__TASK GOAL__. Take the line that contains "Hotel The Tapovan Residency" and each one after it through the last line below, and retype them exactly. Leave out the pictures.

Stored data entries:

%%

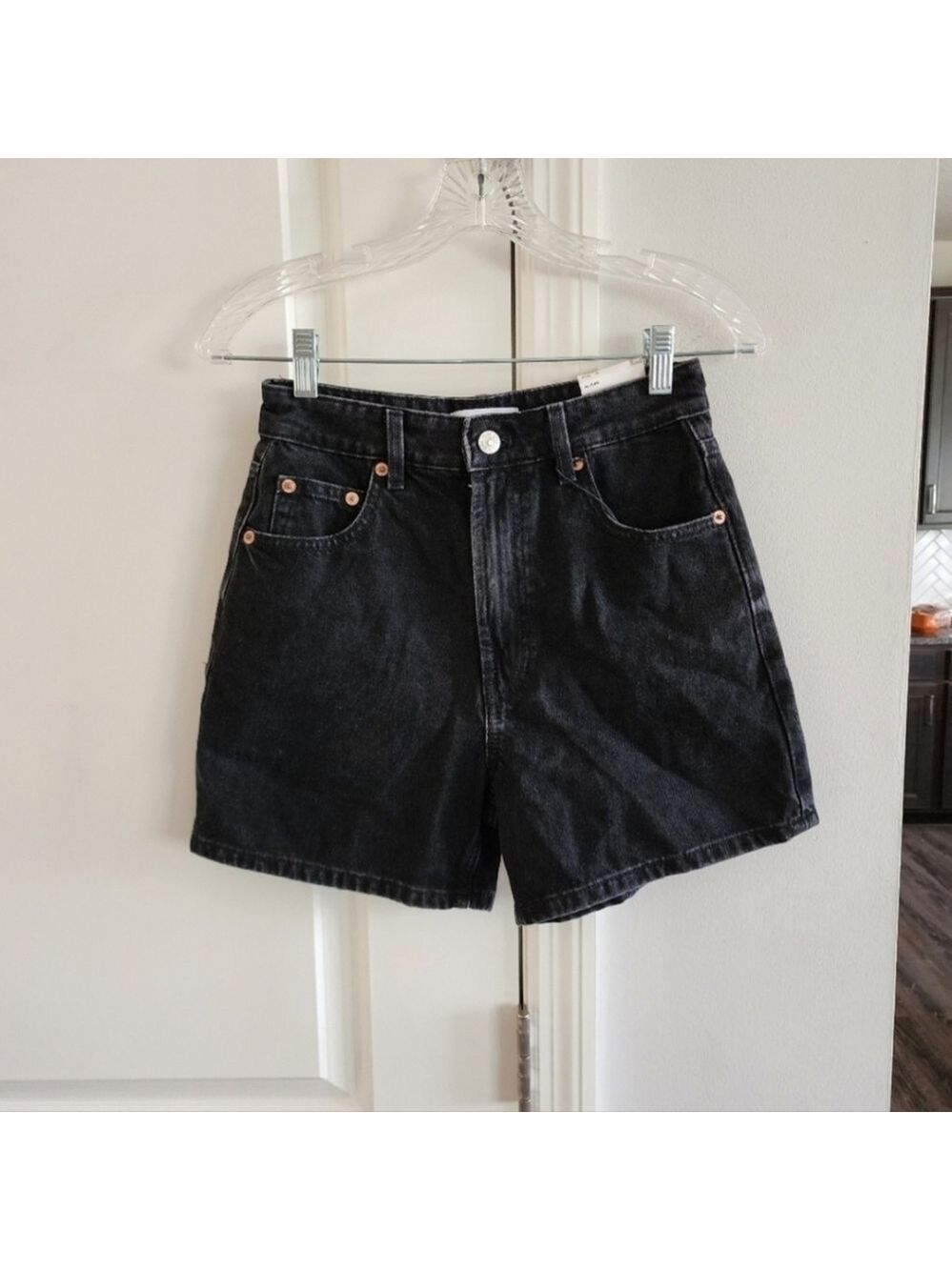 Zara Hi- Rise Denim Shorts Size 2 - Picture 2 of 6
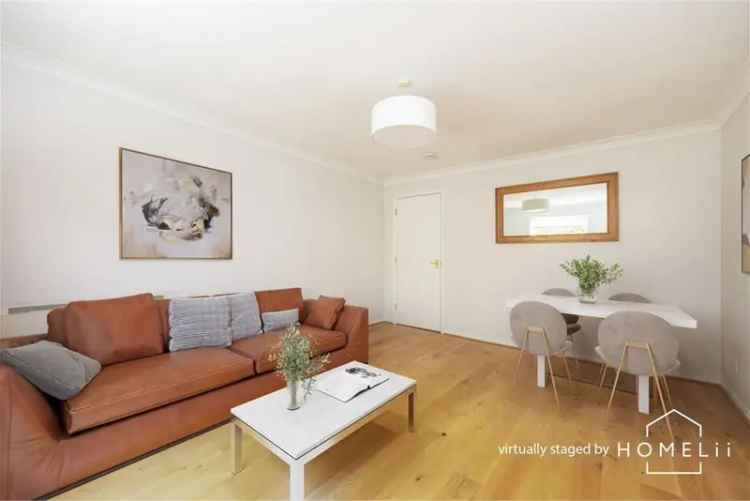 2 Bed Flat - Second Floor with 1 Reception Room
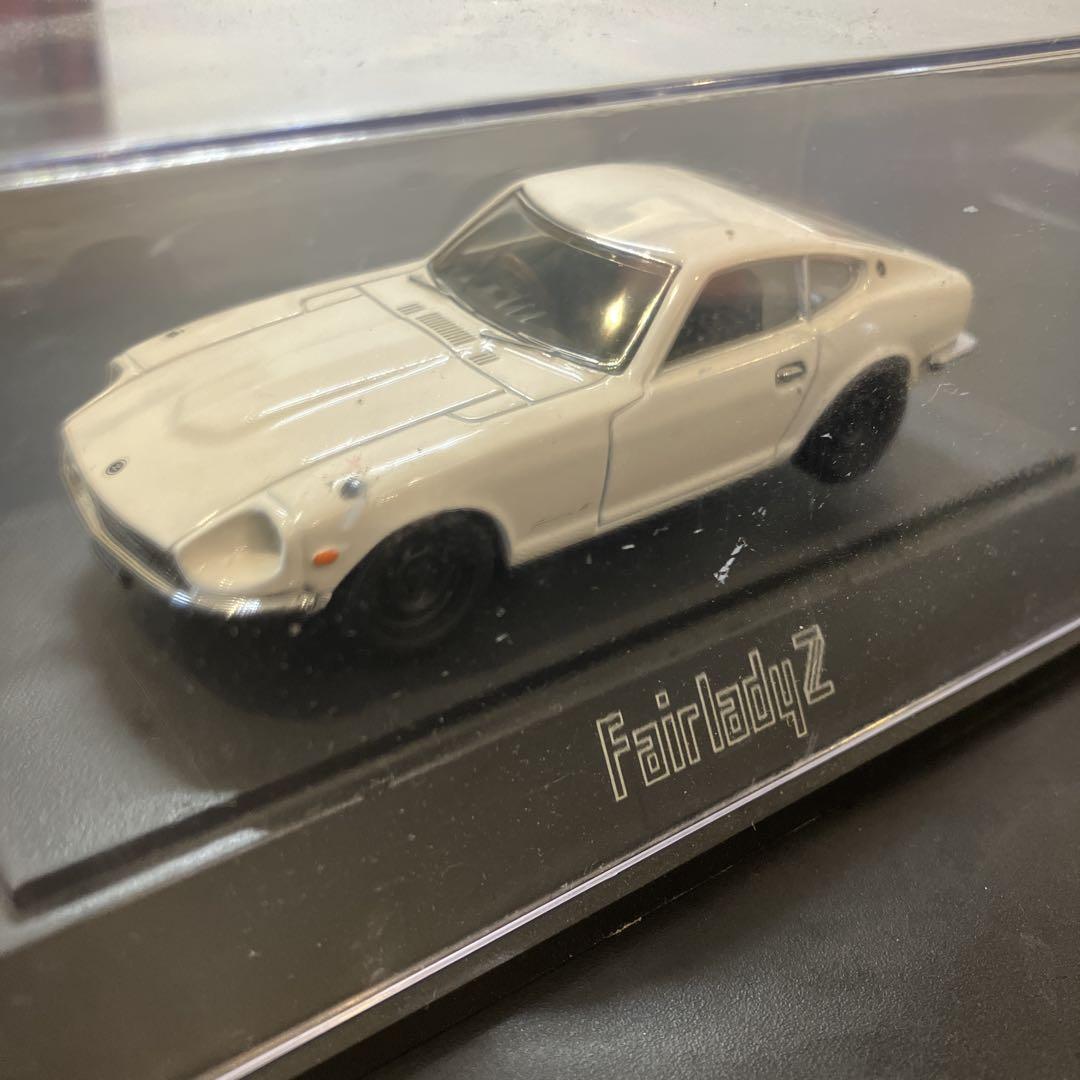 フェアレディZ S30 240Zダットサン 旧車 ダイキャストミニカー 1/43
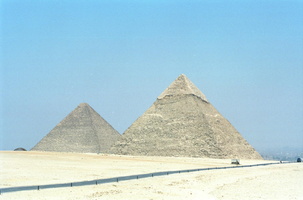 07-6892-11-Kair-Piramidy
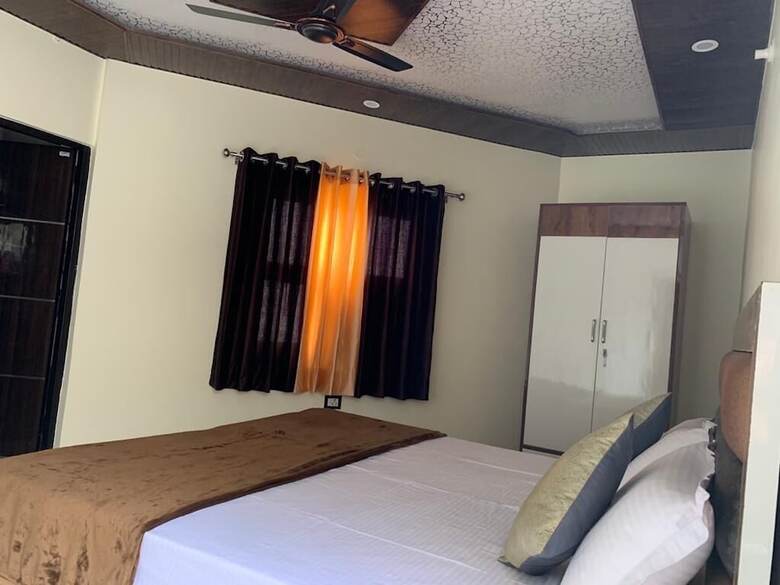 Hotel The Tapovan Residency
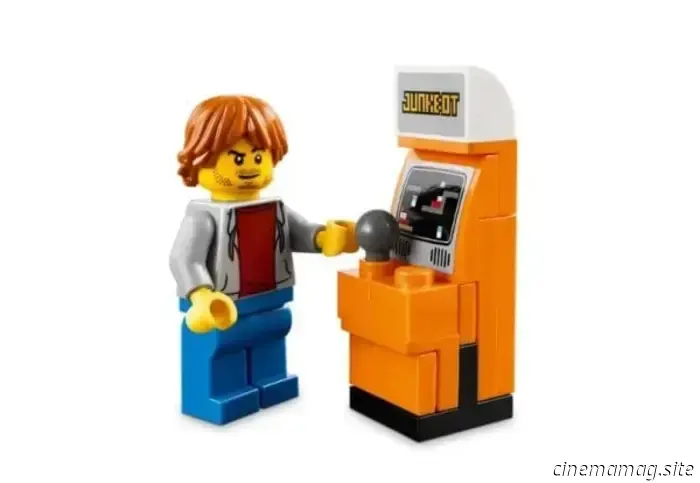LEGO announces the launch of a new Arcade Cabinet set, set to be released in August.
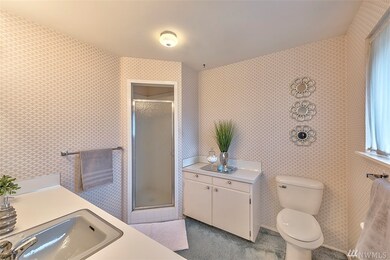 18824 Sound View Place, Edmonds, WA 98020 - photo 3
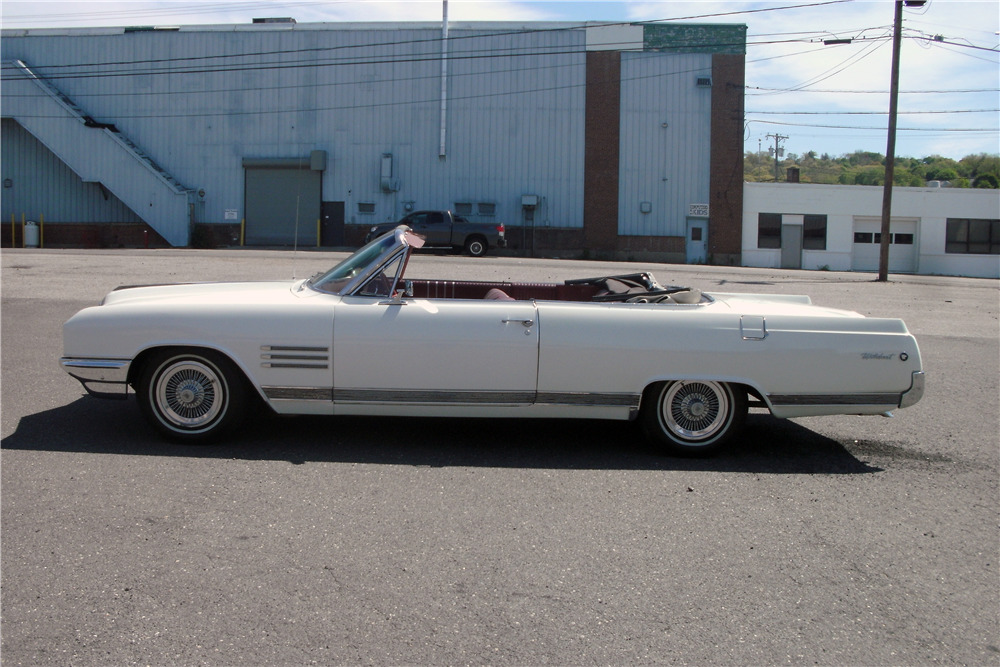 1964 BUICK WILDCAT CONVERTIBLE - Side Profile - 219966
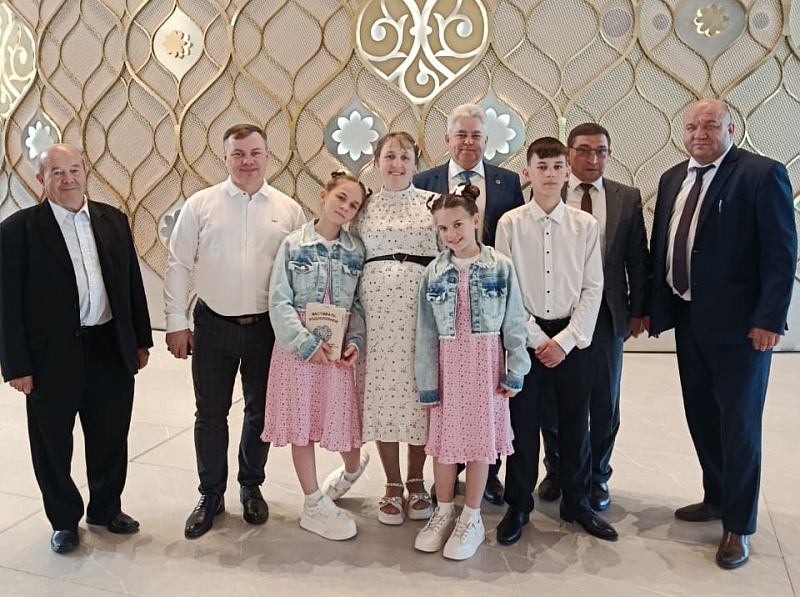 Многодетной семье из Набережных Челнов вручили ключи от микроавтобуса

%%

__EXERCISE SOLUTION__.
 Hotel The Tapovan Residency
LEGO announces the launch of a new Arcade Cabinet set, set to be released in August.
 18824 Sound View Place, Edmonds, WA 98020 - photo 3
 1964 BUICK WILDCAT CONVERTIBLE - Side Profile - 219966
 Многодетной семье из Набережных Челнов вручили ключи от микроавтобуса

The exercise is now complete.